Agustin Calichu recalled the violent police raids.
A special narcotics task force of the police called the Unidad Móvil Policial para Áreas Rurales (UMOPAR) has operated within the Chapare region since 1983. Due to the high concentration of cocaine trafficking near the town of Chimore, the force began raiding and burning coca farms in the surrounding area, according to Agustin Calichu.
Juan Carlos Siles, 32, was 19 years old when he worked with the FTC in Chapare.
“We shouldn’t have been there. We had no permission, it wasn’t even legal,” Siles told The Epoch Times.
“Some [farmers] would run and some would curse us, but the women would beg us not to burn their coca. I remember Mother’s Day that year, because a woman the same age as my own mother pleaded with us, while crying, not to burn her coca [plants],” Siles said.
Siles said that after three months of working in Chapare with the FTC eradicating coca plants on farms, his unit only found drugs on two occasions.
The rest were regular farmers like Agustin Calichu.
“We don’t grow drugs. We grow crops. Coca is used for many things, like natural medicine. What we do is legal, but UMOPAR still burned our farm. They burned everything, even the crops that weren’t coca,” Agustin Calichu said.
Victor Calichu said the raids were the reason coca growers began farming deep in the jungle.
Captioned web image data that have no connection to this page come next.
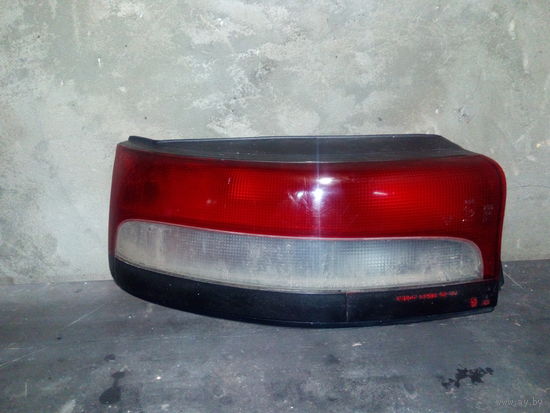 Фонарь задний левый Mazda 323 BG
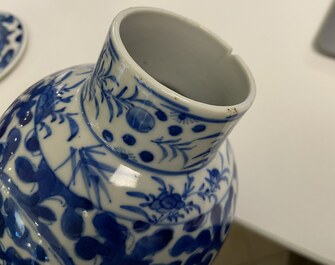 A Chinese blue and white four-piece garniture, Kangxi mark, 19th C.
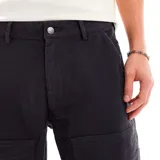 Pantalón negro de algodón con bolsillos tipo cargo y logo de Nike bordado en el muslo. Corte relajado.
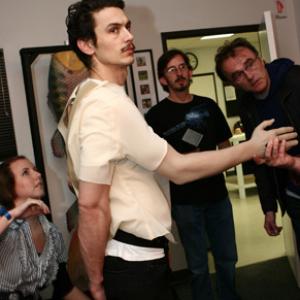 127 HOURS Preproduction Actor James Franco and Director Danny Boyle at Alterian Inc for the first fitting of the prototype arm harness with Specialty Costumer Ginger AnglinCervantez L and Makeup Effects Designer Tony Gardner center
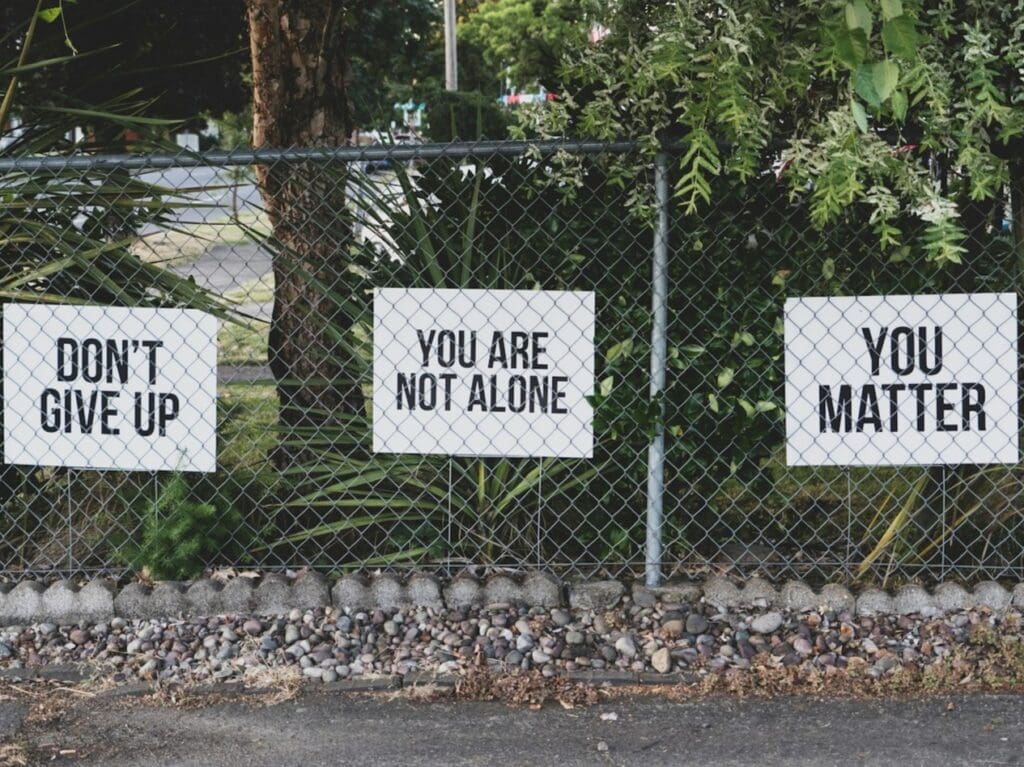 three signs on a fence saying, "DON'T GIVE UP," "YOU ARE NOT ALONE," and "YOU MATTER"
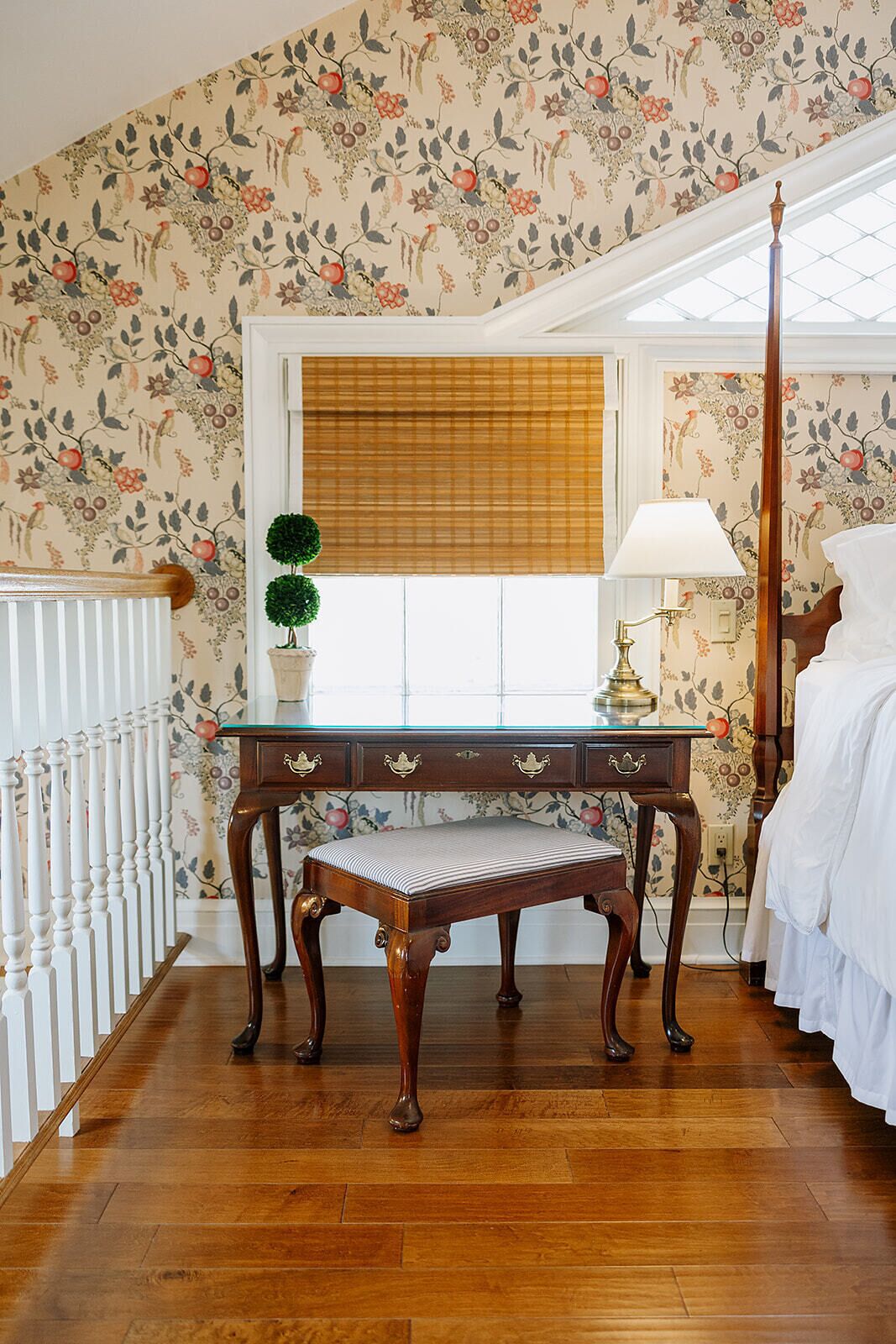 A room with a wooden desk, a bench, a lamp, a window with blinds, and a bed.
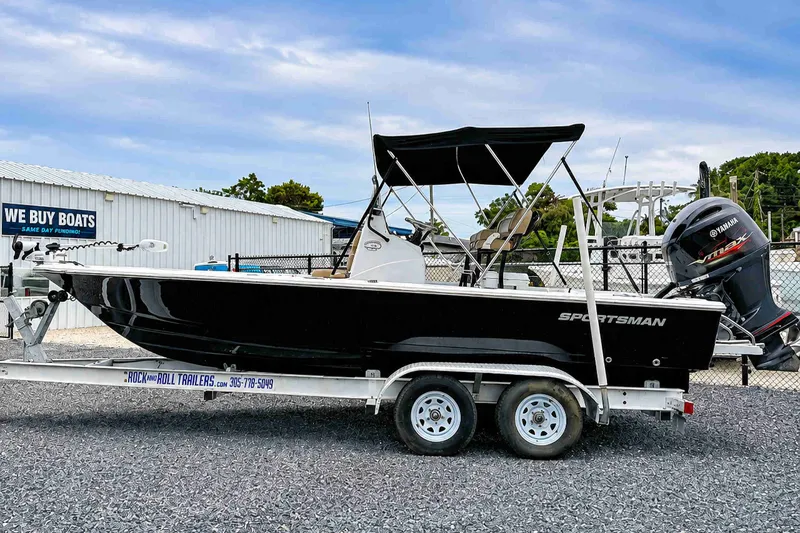The Image of 2019 Sportsman Tournament 214 SBX Bay Boat on trailer, parked near a boat dealership. - 0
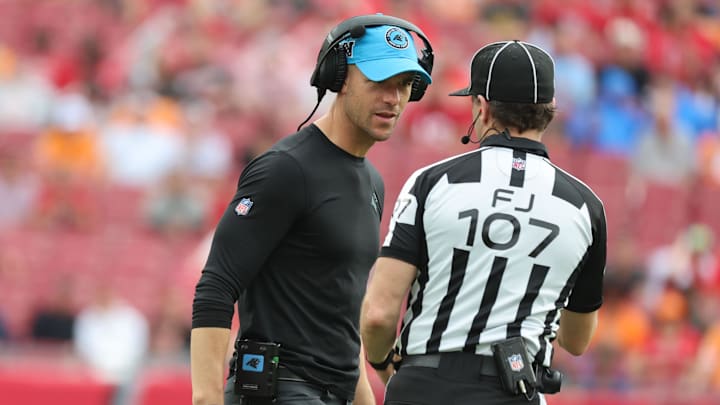 Dec 29, 2024; Tampa, Florida, USA; Carolina Panthers] head coach Dave Canales talks with referee Dave Hawkshaw against the Tampa Bay Buccaneers during the second half at Raymond James Stadium. Mandatory Credit: Kim Klement Neitzel-Imagn Images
It made the task of finding coca bushes a challenge.
Agustin Calichu said a silver lining presented itself once Evo Morales, of the Movement for Socialism party (MAS), was elected president in 2006 and the violent police raids on his farm stopped. Morales had been a labor union boss for coca growers. His rise to power resulted in fewer violent police crackdowns on the farmers.
Morales also kicked out U.S. Drug Enforcement Agency officials in 2008.
Agustin Calichu gets paid in cash for the leaves and is usually able to sell his whole harvest in one transaction.
Private sales don’t follow a set schedule, and they can be hit or miss on the profit. However, the farmer feels he can’t complain overall since he only makes US$5 per kilo of leaves when he sells directly to the public markets in Cochabamba and La Paz, where residents buy coca for traditional medicinal uses. But at the end of the day, his family lives in poverty.
“It’s hard to make a living for a family just as a farmer, even when you grow coca,” Victor Calichu said.
When asked how he felt about being paid so little, Agustin Calichu just shrugged. “I want to live in peace with my family. That is what’s most important. I still make more money from my coca [leaves] than I did before the MAS was in power.”
Morales stepped down as president after a disputed general election on Nov. 10, 2019. The MAS party was reelected to power with Luis Arce as president in October 2020. Arce was minister of economy during the 13-year tenure of Morales.